___ Extracted information ___
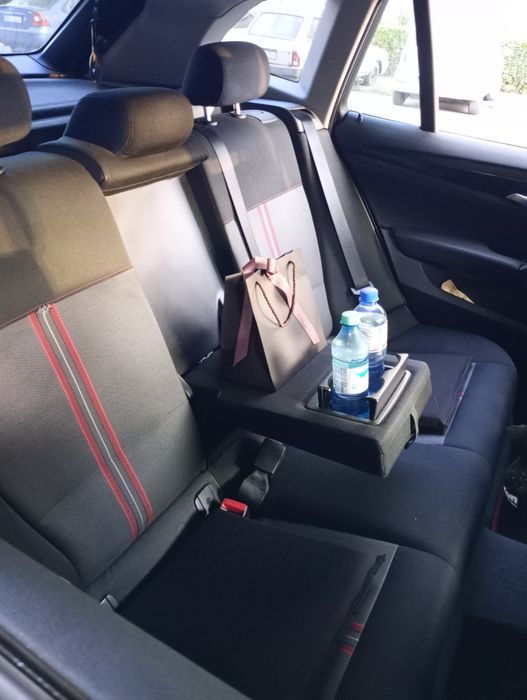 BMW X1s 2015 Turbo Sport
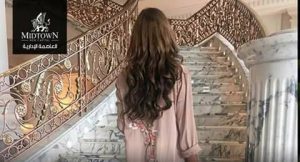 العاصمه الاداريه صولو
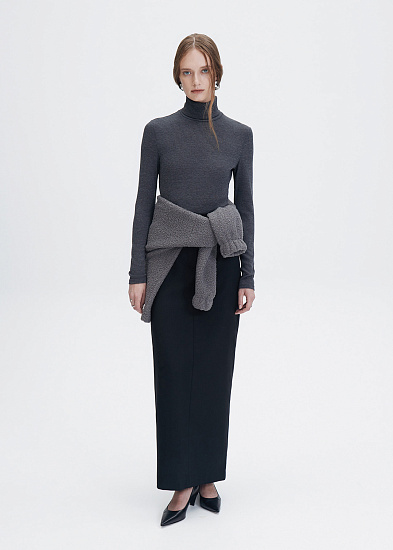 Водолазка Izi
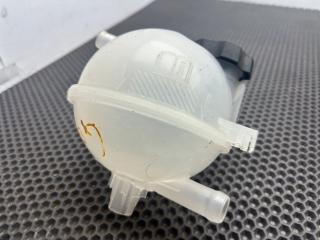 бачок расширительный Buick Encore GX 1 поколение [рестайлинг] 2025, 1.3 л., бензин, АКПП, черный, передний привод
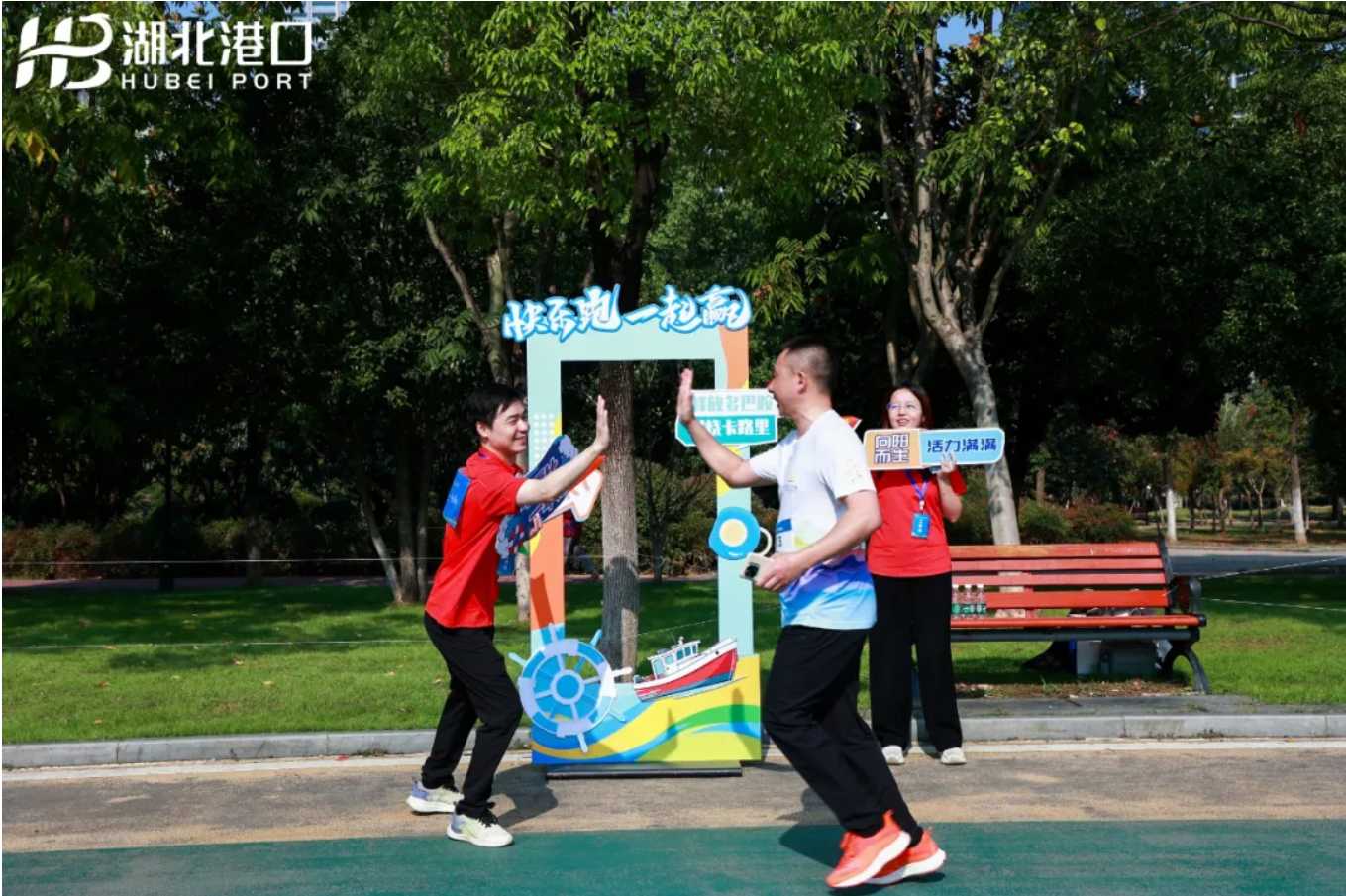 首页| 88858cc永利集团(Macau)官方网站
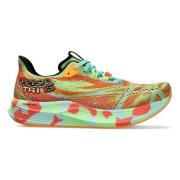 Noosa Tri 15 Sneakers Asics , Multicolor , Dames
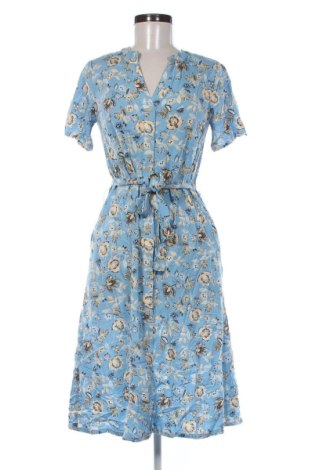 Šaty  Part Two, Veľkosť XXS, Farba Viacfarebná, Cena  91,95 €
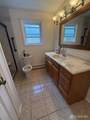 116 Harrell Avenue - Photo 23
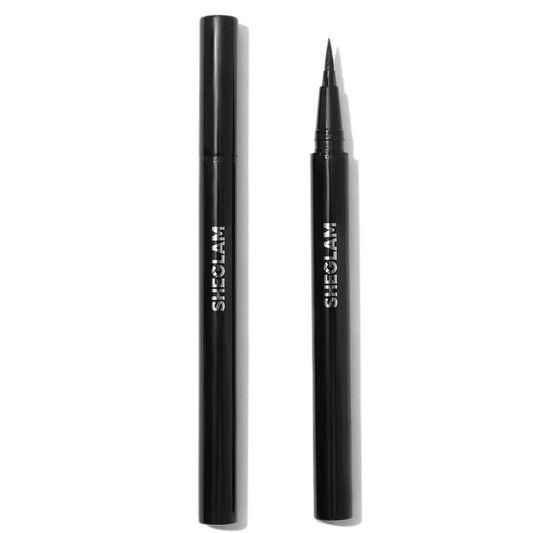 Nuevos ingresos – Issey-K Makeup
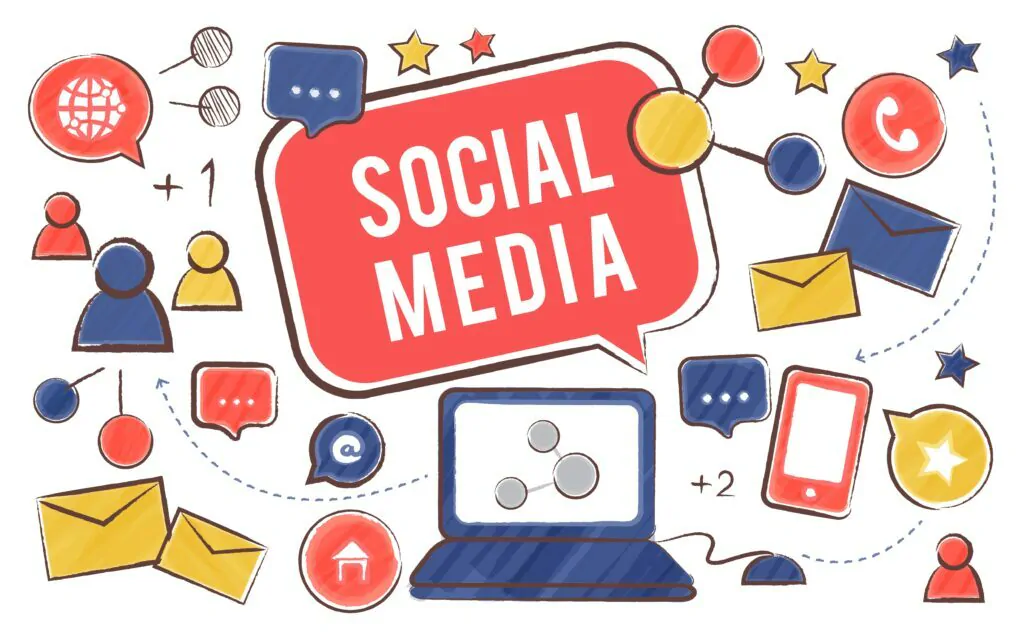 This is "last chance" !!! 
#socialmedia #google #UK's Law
___
> [About this task]
Restate word for word, and only, the lines from the line that contains "бачок расширительный Buick" through the end of the data, both included; pictures are not part of the copy.

> [Exercise result]
 бачок расширительный Buick Encore GX 1 поколение [рестайлинг] 2025, 1.3 л., бензин, АКПП, черный, передний привод
 首页| 88858cc永利集团(Macau)官方网站
 Noosa Tri 15 Sneakers Asics , Multicolor , Dames
 Šaty  Part Two, Veľkosť XXS, Farba Viacfarebná, Cena  91,95 €
 116 Harrell Avenue - Photo 23
 Nuevos ingresos – Issey-K Makeup
 This is "last chance" !!! 
#socialmedia #google #UK's Law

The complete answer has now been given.